### WHAT TO WORK ON
Repeat, exactly as they appear, the lines from the one with "Peter the Rabbit" through the last line of the entries below, but none of the pictures.

(Captioned web images)
⟨
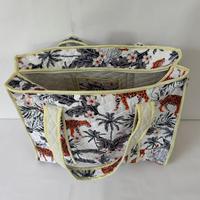 Tas Tangan Tahan Air Berlapis Cetakan Hutan untuk Wanita, Tas Jinjing Hewan Eksotis, Tas Bahu Perjalanan Kapasitas Besar, Ramah Lingkungan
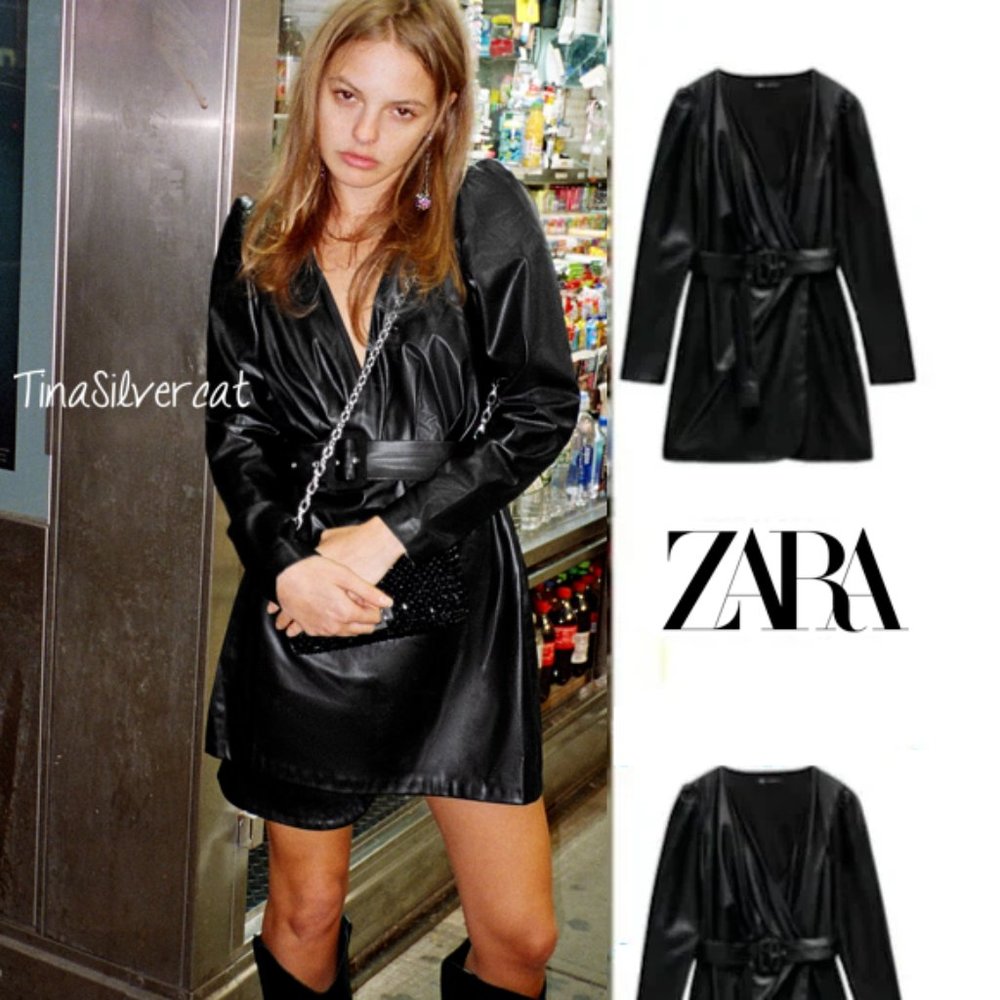 Zara Belted Faux Leather Short Mini Dress XS NWT - Picture 1 of 9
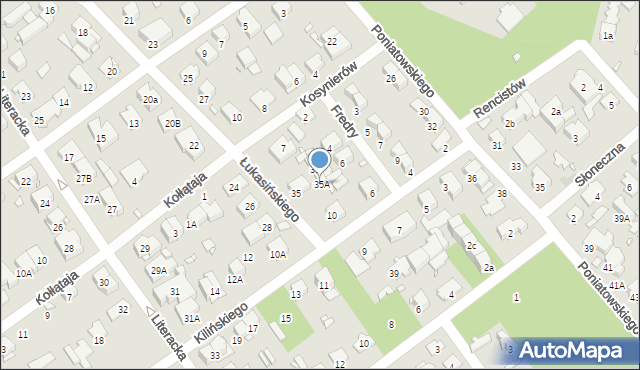 Zielonka, Łukasińskiego Waleriana, mjr., 35A, mapa Zielonka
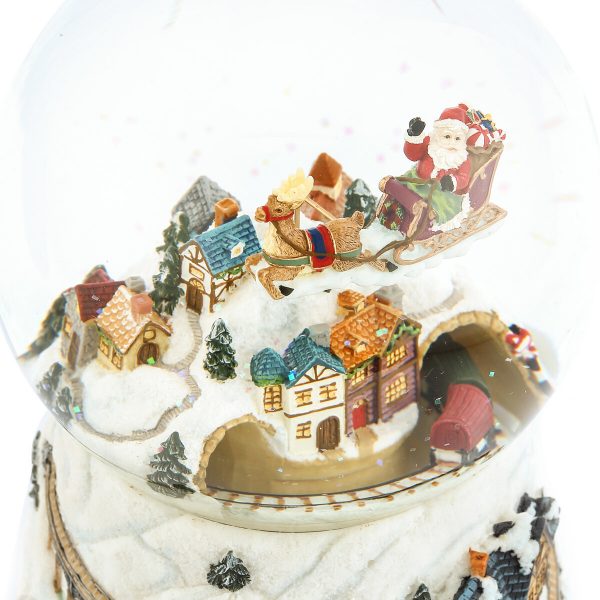 "Jingle bells" Flying Santa Claus and Christmas Train Snow Globe Music Box (Musical Box Water Globe / Snow Domes Christmas Collection)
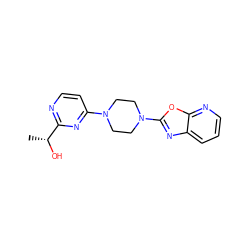 C[C@@H](O)c1nccc(N2CCN(c3nc4cccnc4o3)CC2)n1 ZINC000013472173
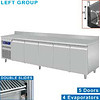 HorecaTraders Stainless Steel Refrigerated Workbench With Splashback | 5 Doors - 263 x 70 x 85/90 cm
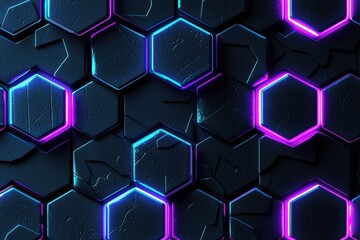 Poster - Seamless pattern of glowing neon hexagons on textured black background creates a futuristic and sleek atmosphere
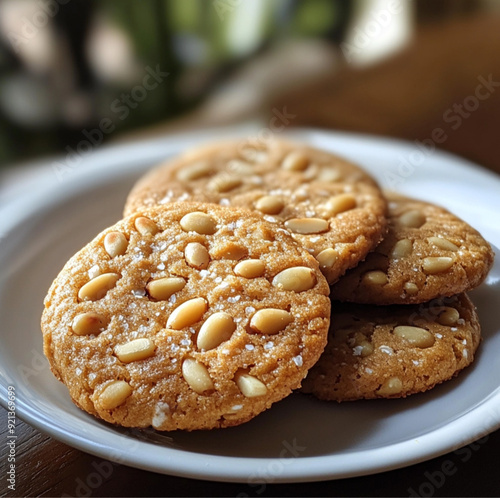 a pignoli cookie sweet  pine nuts with distnic, Cookie cookies with nuts on a plate, blurred background photo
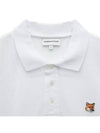 Fox Head Patch Cotton Polo Shirt White - MAISON KITSUNE - BALAAN 3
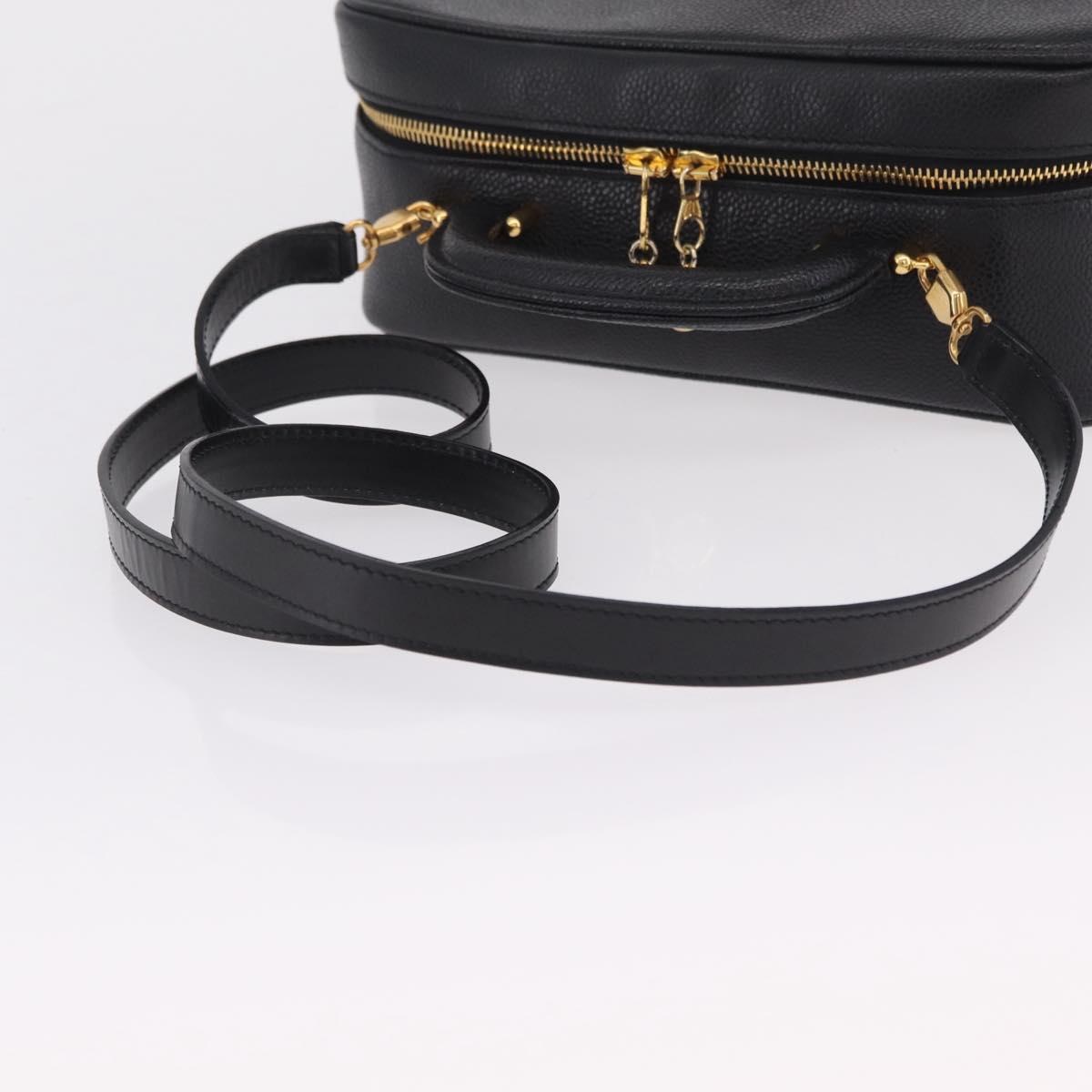 CHANEL Vanity Shoulder Bag Caviar Skin 2way Black Gold Tone CC Auth 204624V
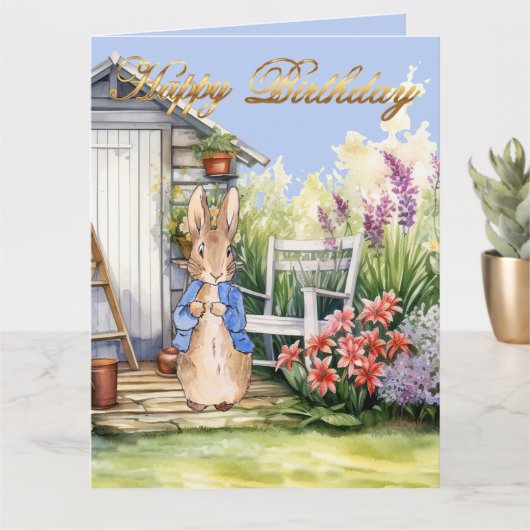 Peter the Rabbit Garden Shed Happy Birthday Karte (Kleine Pflanze)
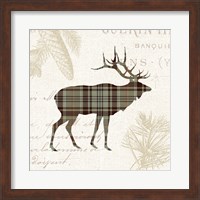 Plaid Lodge III Tan Fine Art Print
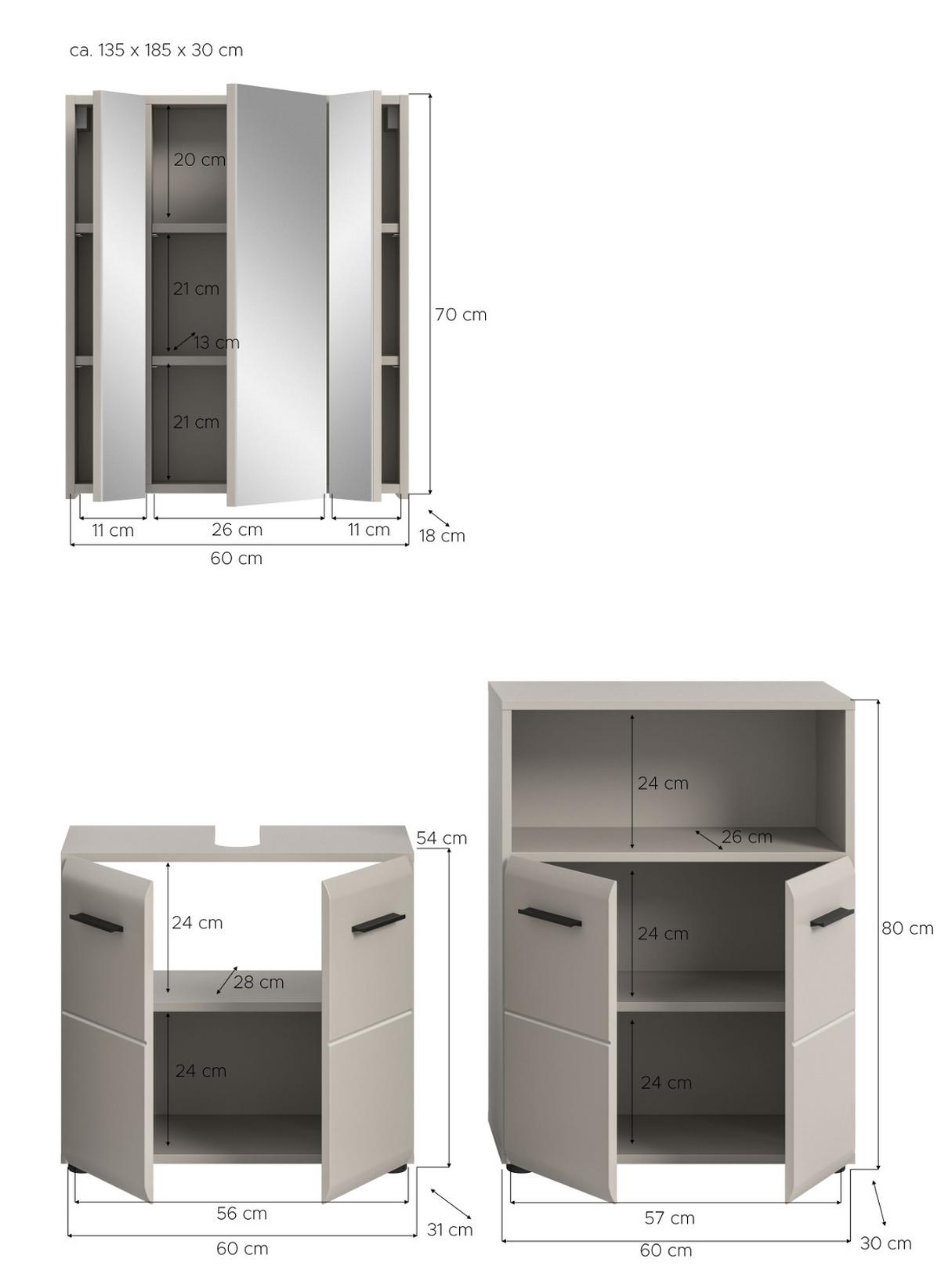 BADMÖBEL-SET Kaschmir 135 cm 3-teilig, Badezimmer Schränke in modernem Design - Kaschmir/Schwarz, Glas/Holzwerkstoff (135/185/30cm) - Inn.Furn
⟩
### COMPLETED EXERCISE
 Peter the Rabbit Garden Shed Happy Birthday Karte (Kleine Pflanze)
 Plaid Lodge III Tan Fine Art Print
 BADMÖBEL-SET Kaschmir 135 cm 3-teilig, Badezimmer Schränke in modernem Design - Kaschmir/Schwarz, Glas/Holzwerkstoff (135/185/30cm) - Inn.Furn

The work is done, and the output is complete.